Hi,
Sample snippet:
for (int I1 = 0; I1 < dstBlockHeight; I1++)
{
for (int I2 = 0; I2 < dstBlockWidth / VCOP_SIMD_WIDTH; I2++)
{
AddrSrc = I1 * srcBlockWidth * ELEMINSIZE + I2 * ELEMINSIZE * VCOP_SIMD_WIDTH;
VInA = (in + 5 * ELEMINSIZE)[AddrSrc];
VInB = (in + 6 * ELEMINSIZE)[AddrSrc];
...
...
}
}
for (int I1 = 0; I1 < dstBlockHeight; I1++)
{
for (int I2 = 0; I2 < dstBlockWidth / VCOP_SIMD_WIDTH; I2++)
{
AddrSrc = I1 * srcBlockWidth * ELEMINSIZE + I2 * ELEMINSIZE * VCOP_SIMD_WIDTH;
VInA = (in + 60 * ELEMINSIZE)[AddrSrc];
VInB = (in + 61 * ELEMINSIZE)[AddrSrc];
...
...
}
}
for (int I1 = 0; I1 < dstBlockHeight; I1++)
{
for (int I2 = 0; I2 < dstBlockWidth / VCOP_SIMD_WIDTH; I2++)
{
AddrSrc = I1 * srcBlockWidth * ELEMINSIZE + I2 * ELEMINSIZE * VCOP_SIMD_WIDTH;
VInA = (in + 75 * ELEMINSIZE)[AddrSrc];
VInB = (in + 76 * ELEMINSIZE)[AddrSrc];
...
...
}
}
The above snippet may repeat for any number of iterations (calculated runtime).
Expected snippet:
void vcop_kernel_sample
(
__vptr_uint8_arr in,
__vptr_uint16_arr out,
unsigned int num_objects,
)
{
__vector Vin1, Vin2, Vin3;
foreach (I0, num_objects, 5)
{
for (int I1 = 0; I1 < dstBlockHeight; I1++)
{
for (int I2 = 0; I2 < dstBlockWidth / VCOP_SIMD_WIDTH; I2++)
{
AddrSrc = I1 * srcBlockWidth * ELEMINSIZE + I2 * ELEMINSIZE * VCOP_SIMD_WIDTH;
VInA = (in + 5 * ELEMINSIZE)[AddrSrc]; // LOAD
VInB = (in + 6 * ELEMINSIZE)[AddrSrc];
...
...
}
}
}
}
Here I am trying to make the VCOP kernel code generalized with the use of foreach loop.

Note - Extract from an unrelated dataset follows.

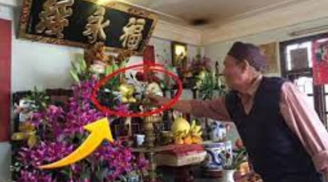 Làm ăn ế ẩm, mãi vẫn thấy nghèo, hãy xem bàn thờ có phạm 5 đại kỵ sau không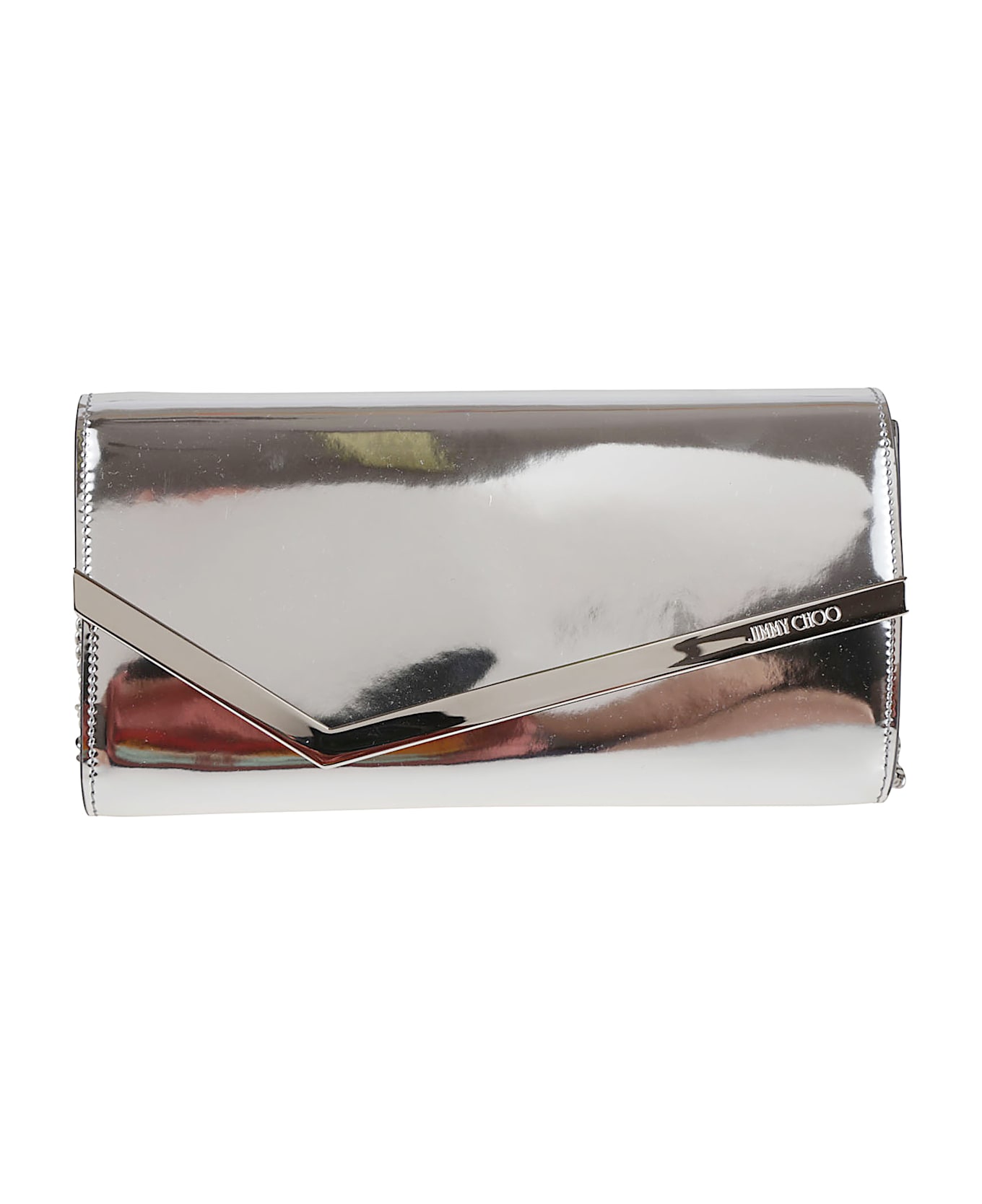 Jimmy Choo Emmie - Silver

The problem with the above approach is, the load operation uses different data from different position on each iteration (Eg: 5 and 6 on first iteration , 60 and 61 on second iteration and so on ..).
Is there any way to incorporate an array data into the loading operation part ? Please suggest a solution for the above scenario.